Both training and validation loss not reducing

I am trying to fine-tune a transformer/encoder based pose estimation model available on huggingface

When passing “labels” attribute to the forward pass of the model, the model returns “Training not enabled”. The core logic I have implemented is as follows. Since the model outputs heatmaps, I use a post-processing pipeline to get back the keypoint predictions in the image space, and compute a MSE Loss between these reconstructed keypoint (using soft argmax) and ground truth keypoints.

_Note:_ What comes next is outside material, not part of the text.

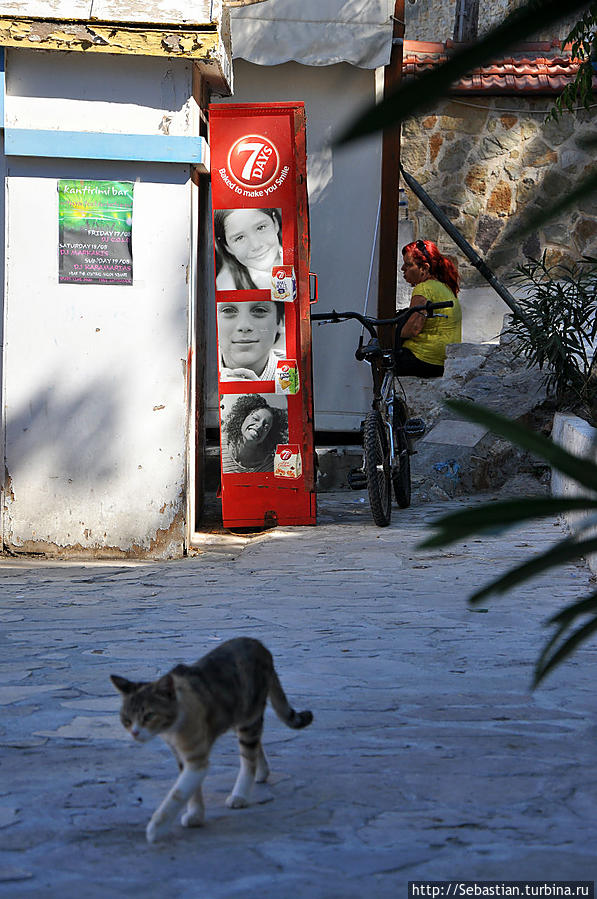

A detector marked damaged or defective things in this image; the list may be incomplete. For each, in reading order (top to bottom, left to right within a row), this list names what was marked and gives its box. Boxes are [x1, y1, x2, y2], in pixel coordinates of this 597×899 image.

peeling paint wall [2, 51, 197, 556]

Is this a correct way of thinking? Comparing heatmap to heatmap might seem more intuitive, but I didn’t want to write the keypoint to heatmap and add the specific image processor’s normalization with the worry that they might go off-scale Things I have tried:

modified the model’s heatmap head to predict for 24 keypoints for dogs instead of the 17 for humans it was trained on 2.added a Simple Adapter network right after the layer norm and before the model’s heatmap head unfreeze some of the backbone layer’s gradually track loss with both normalized and unnormalized keypoints. Added gradient clipping. the post processing pipeline is a differentiable approxiamtion of transformers/src/transformers/models/vitpose/image_processing_vitpose.py at main · huggingface/transformers · GitHub Tuning LRs However, gradient flow through the head and the adapter and the deeper encoder layers have been very very small.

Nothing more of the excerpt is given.